Action item >> Once you reach the line containing "a bathroom with a sink a toilet and a window" in the entries below, write out that line and each one after it down to the line containing "Square Design Zircon", exactly and with nothing added.
▬▬▬▬▬▬
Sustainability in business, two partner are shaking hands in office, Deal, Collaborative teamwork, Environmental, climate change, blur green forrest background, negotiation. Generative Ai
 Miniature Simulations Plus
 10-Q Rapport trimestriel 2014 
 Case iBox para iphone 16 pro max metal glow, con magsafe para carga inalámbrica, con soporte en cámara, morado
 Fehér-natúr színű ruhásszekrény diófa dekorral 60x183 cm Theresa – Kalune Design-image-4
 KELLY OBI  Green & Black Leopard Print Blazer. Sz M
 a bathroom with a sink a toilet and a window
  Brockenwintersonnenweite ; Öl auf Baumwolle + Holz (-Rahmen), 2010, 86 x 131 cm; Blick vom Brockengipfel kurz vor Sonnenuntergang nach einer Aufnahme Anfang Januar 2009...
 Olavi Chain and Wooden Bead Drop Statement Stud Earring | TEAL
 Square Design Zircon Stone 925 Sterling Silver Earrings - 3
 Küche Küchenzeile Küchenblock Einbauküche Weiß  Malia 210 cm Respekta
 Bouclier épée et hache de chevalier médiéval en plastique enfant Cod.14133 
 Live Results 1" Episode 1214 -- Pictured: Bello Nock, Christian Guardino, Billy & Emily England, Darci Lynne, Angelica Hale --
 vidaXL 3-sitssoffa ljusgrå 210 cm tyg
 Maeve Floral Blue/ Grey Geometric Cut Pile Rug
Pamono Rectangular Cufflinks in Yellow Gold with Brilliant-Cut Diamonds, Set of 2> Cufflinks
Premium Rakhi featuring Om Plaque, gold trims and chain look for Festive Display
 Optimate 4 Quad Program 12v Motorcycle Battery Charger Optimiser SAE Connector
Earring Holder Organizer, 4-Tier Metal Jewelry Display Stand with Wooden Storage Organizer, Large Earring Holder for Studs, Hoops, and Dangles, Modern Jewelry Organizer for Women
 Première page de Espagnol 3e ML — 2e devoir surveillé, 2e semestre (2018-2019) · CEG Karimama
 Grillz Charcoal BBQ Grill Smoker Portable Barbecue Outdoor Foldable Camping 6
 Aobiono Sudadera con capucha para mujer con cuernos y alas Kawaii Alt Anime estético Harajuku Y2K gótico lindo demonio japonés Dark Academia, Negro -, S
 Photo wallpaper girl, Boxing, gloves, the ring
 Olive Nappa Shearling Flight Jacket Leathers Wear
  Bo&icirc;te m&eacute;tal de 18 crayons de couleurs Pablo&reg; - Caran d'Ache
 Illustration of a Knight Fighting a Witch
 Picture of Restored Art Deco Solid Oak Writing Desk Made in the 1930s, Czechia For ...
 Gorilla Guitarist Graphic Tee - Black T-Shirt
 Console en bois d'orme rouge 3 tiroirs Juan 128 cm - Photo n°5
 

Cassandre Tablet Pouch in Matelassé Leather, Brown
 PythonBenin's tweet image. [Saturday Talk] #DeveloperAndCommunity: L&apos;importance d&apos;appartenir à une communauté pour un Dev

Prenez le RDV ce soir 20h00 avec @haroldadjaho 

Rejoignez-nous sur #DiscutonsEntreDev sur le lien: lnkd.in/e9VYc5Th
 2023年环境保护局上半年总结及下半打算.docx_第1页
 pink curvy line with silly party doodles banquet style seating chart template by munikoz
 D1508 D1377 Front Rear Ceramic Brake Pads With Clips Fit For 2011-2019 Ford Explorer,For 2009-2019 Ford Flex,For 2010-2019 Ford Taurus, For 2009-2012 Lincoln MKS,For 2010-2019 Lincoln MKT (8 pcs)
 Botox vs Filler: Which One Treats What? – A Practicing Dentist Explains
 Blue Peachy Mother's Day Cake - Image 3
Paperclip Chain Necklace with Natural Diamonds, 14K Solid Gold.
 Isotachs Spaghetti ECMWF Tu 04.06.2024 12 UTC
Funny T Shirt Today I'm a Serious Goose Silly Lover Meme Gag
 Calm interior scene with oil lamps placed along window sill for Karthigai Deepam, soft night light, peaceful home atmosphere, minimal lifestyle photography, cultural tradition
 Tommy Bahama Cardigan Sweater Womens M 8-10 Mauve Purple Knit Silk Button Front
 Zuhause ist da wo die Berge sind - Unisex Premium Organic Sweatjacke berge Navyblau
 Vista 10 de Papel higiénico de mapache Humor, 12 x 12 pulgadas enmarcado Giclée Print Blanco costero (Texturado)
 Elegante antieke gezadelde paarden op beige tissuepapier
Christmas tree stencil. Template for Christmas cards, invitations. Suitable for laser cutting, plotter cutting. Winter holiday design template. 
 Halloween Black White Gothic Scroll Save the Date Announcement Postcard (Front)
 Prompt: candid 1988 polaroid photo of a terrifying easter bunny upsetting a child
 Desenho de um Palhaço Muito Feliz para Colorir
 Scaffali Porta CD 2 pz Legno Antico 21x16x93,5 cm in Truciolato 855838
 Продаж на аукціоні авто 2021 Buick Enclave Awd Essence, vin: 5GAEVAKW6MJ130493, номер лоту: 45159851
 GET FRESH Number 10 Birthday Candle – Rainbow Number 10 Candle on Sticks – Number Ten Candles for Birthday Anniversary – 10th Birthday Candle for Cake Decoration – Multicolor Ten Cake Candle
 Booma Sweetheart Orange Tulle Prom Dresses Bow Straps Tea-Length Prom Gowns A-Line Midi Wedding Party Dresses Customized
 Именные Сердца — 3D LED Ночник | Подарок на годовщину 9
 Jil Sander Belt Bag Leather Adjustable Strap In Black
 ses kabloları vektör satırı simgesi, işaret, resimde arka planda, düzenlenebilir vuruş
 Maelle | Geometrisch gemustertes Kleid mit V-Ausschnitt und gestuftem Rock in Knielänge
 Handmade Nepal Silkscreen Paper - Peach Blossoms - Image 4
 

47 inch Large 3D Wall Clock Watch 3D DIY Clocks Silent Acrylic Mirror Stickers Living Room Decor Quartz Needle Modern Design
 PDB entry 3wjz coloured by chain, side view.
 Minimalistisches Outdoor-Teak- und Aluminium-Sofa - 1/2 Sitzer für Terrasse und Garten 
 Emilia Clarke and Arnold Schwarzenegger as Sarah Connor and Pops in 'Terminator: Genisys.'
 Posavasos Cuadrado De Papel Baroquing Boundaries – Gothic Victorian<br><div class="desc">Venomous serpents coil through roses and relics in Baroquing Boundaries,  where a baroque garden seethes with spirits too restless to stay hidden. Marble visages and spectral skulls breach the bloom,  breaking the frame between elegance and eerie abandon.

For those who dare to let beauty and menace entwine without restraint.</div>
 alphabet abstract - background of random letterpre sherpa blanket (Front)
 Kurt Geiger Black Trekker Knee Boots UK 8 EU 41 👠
▬▬▬▬▬▬
Result >>
 a bathroom with a sink a toilet and a window
  Brockenwintersonnenweite ; Öl auf Baumwolle + Holz (-Rahmen), 2010, 86 x 131 cm; Blick vom Brockengipfel kurz vor Sonnenuntergang nach einer Aufnahme Anfang Januar 2009...
 Olavi Chain and Wooden Bead Drop Statement Stud Earring | TEAL
 Square Design Zircon Stone 925 Sterling Silver Earrings - 3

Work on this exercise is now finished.